This excerpt is from David Dayen’s article, “The Government Guide to Screwing Poor Homeowners.” Full article here:
The end of the Mortgage Forgiveness Debt Relief Act, which lapsed December 31, means that any type of debt forgiveness on a mortgage will result in a giant tax bill—one that a stressed homeowner cannot usually afford. Even homeowners entitled to compensation for past abuse by the mortgage-lending industry would be subject to unfavorable tax treatment. This will lead to more economically debilitating foreclosures and weaken the housing market. Despite bipartisan support for an extension, it’s anybody’s guess whether Congress will get around to helping out struggling homeowners.
The Mortgage Forgiveness Debt Relief Act dates back to 2007. When the housing bubble collapsed, millions of homeowners fell into a Great Recession-induced crisis of lost wages and plummeting property values. Principal reductions—cuts to the unpaid balance of a home loan—have been proven time and again to be the most effective method for a homeowner to avoid foreclosure. But there was a problem: For tax purposes, the IRS treats forms of debt relief like principal reduction as gross income. So a $100,000 principal reduction for a family making $50,000 a year would force them to pay taxes as if they earned $150,000, saddling them with a federal tax bill (according to this calculator) of $32,493, or over two-thirds of their annual income. Struggling homeowners don’t typically have bags of cash lying around to pay off tax bills.
In 2007, Congress passed the Mortgage Forgiveness Debt Relief Act, exempting mortgage debt forgiveness from taxation. The law was extended twice as the foreclosure crisis lingered. It made it into the 2012 “fiscal cliff” deal at the last minute, extending relief through the end of 2013. But it expired last week, putting homeowners on the hook.

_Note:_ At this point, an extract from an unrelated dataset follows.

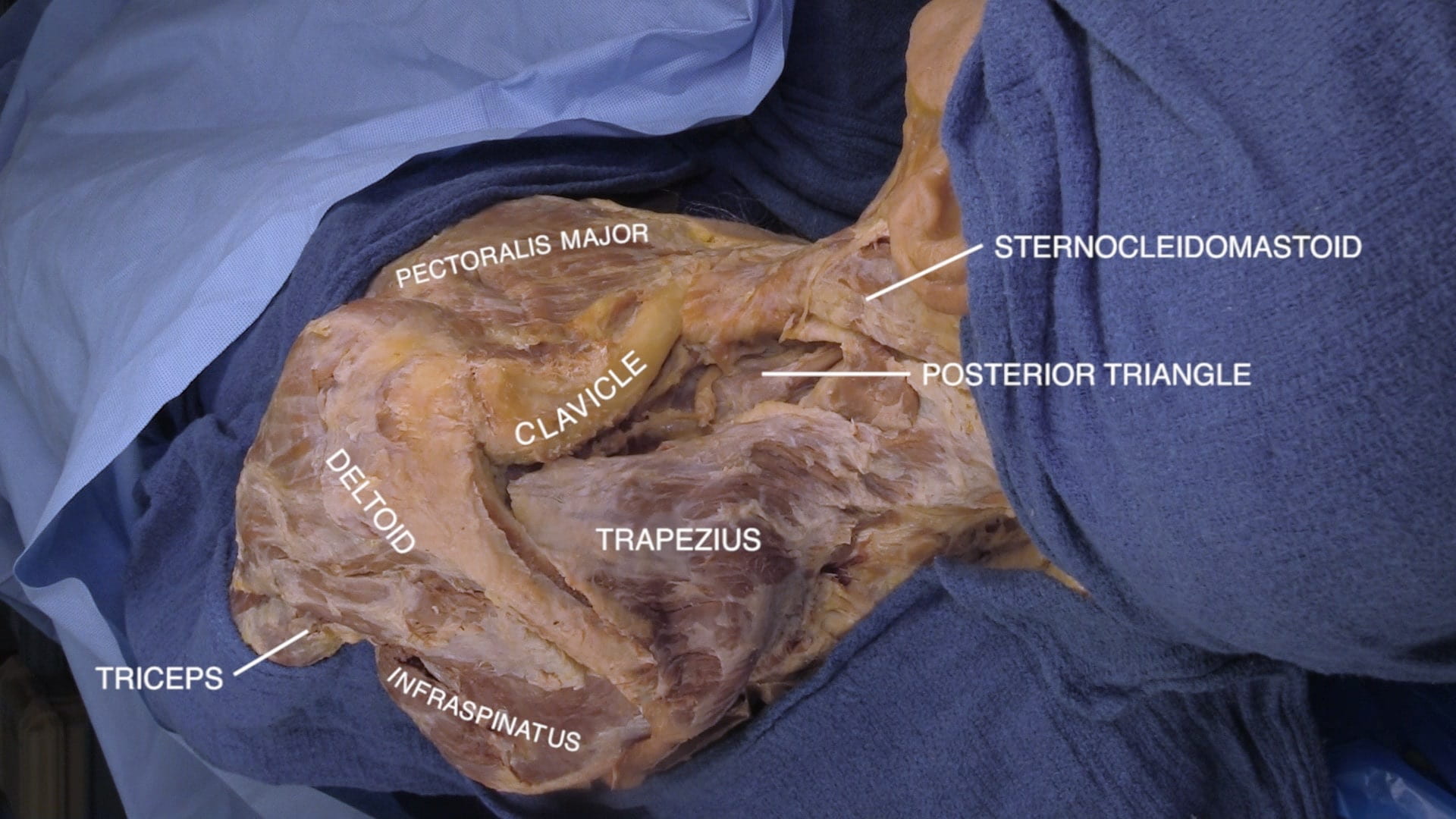 Labels (top to bottom): Pectoralis major, sternocleidomastoid, posterior triangle, clavicle, deltoid, trapezius, triceps, infraspinatus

The need for mortgage relief is pressing. The most recent statistics show nearly 4.5 million homes are in some stage of delinquency. And more than 6 million homesare “underwater,” with the homeowner owing more than the home is worth. These homes are at risk of foreclosure, but many lower-income borrowers who can’t afford the tax bill will have to turn down mortgage help. Housing advocates were hopeful that the confirmation of Mel Watt to run the Federal Housing Finance Agency, the conservator for Fannie Mae and Freddie Mac, would lead to those agencies (which own or guarantee 90 percent of all new mortgages) finally offering principal reductions to prevent foreclosures. But the tax situation makes Watt’s confirmation irrelevant on this point.